### Recorded information
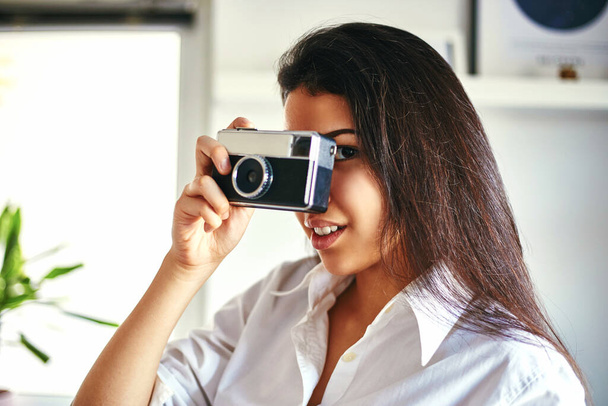 Trendy vrouw poseren met een retro film camera in haar kamer. Schoonheids- / modeconcept. - Foto, afbeelding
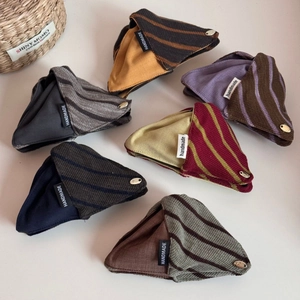 Detail showing high-quality knitted stripe triangle hair clips with handmade labels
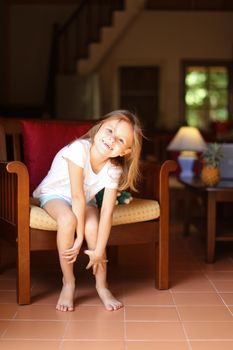 Little smiling female kid sitting with toy in wooden chair. Concept of kid model and wood in interior.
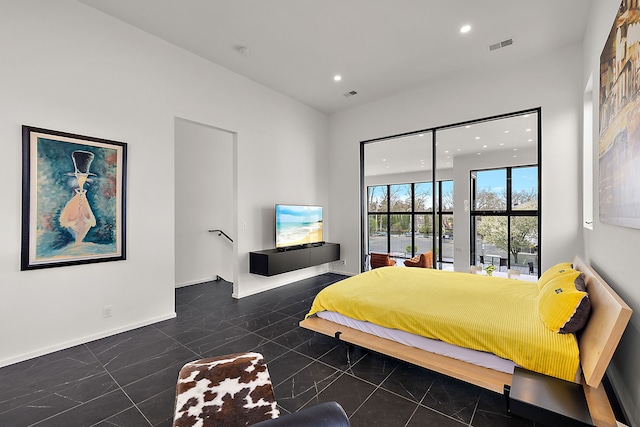 bedroom with recessed lighting, baseboards, and a towering ceiling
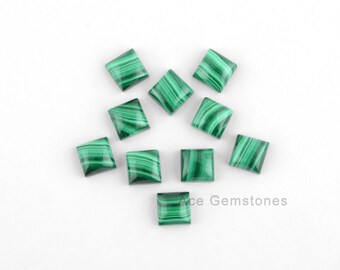 May include: Ten square-shaped green malachite cabochons with white veining. The cabochons are arranged in a scattered pattern on a white background.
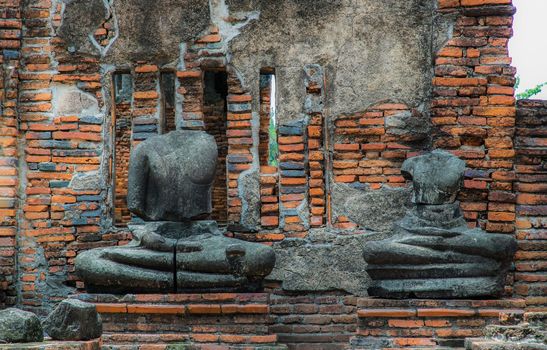 Aytthaya, Thailand, 22 Aug 2020 : Ancient old buddha statue sculpture is damaged at the old temple in Ayuthaya province, thailand. Selective focus.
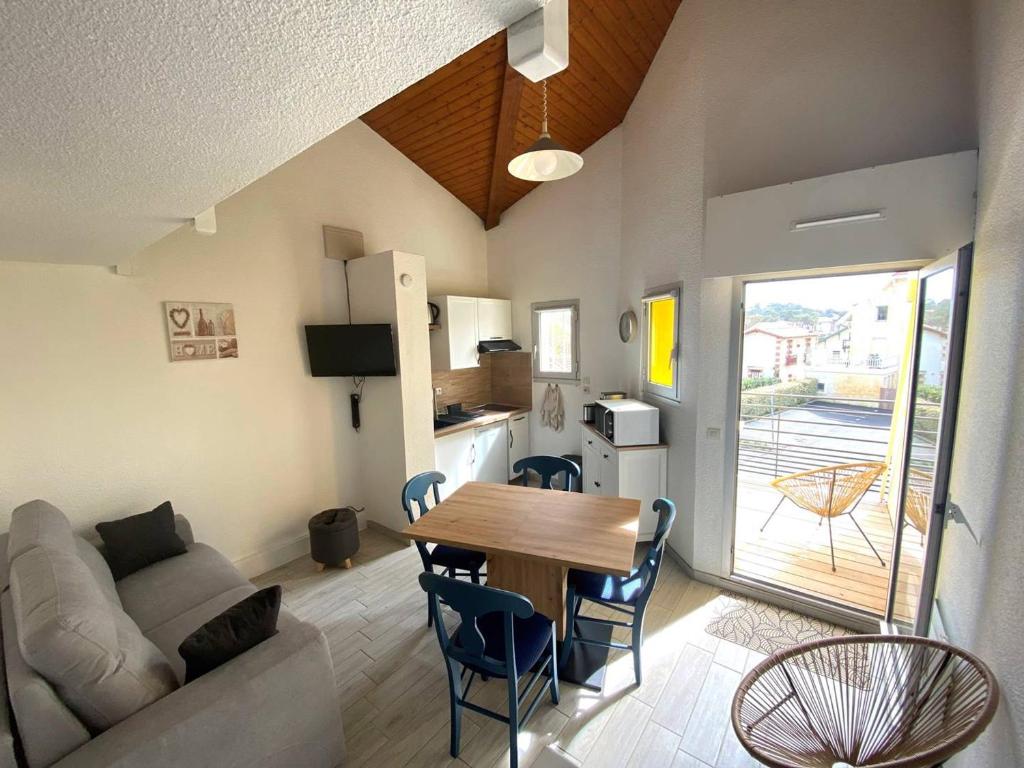 Il comprend un salon et une cuisine avec une table et un canapé. dans l'établissement Duplex rénové face à la plage avec balcon et parking - FR-1-738-41, à Saint-Palais-sur-Mer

### Assignment
From the first line of the entries down to the line with "Aytthaya, Thailand, 22", print each line exactly; omit any picture.

### Problem solution
 Trendy vrouw poseren met een retro film camera in haar kamer. Schoonheids- / modeconcept. - Foto, afbeelding
 Detail showing high-quality knitted stripe triangle hair clips with handmade labels
 Little smiling female kid sitting with toy in wooden chair. Concept of kid model and wood in interior.
 bedroom with recessed lighting, baseboards, and a towering ceiling
 May include: Ten square-shaped green malachite cabochons with white veining. The cabochons are arranged in a scattered pattern on a white background.
 Aytthaya, Thailand, 22 Aug 2020 : Ancient old buddha statue sculpture is damaged at the old temple in Ayuthaya province, thailand. Selective focus.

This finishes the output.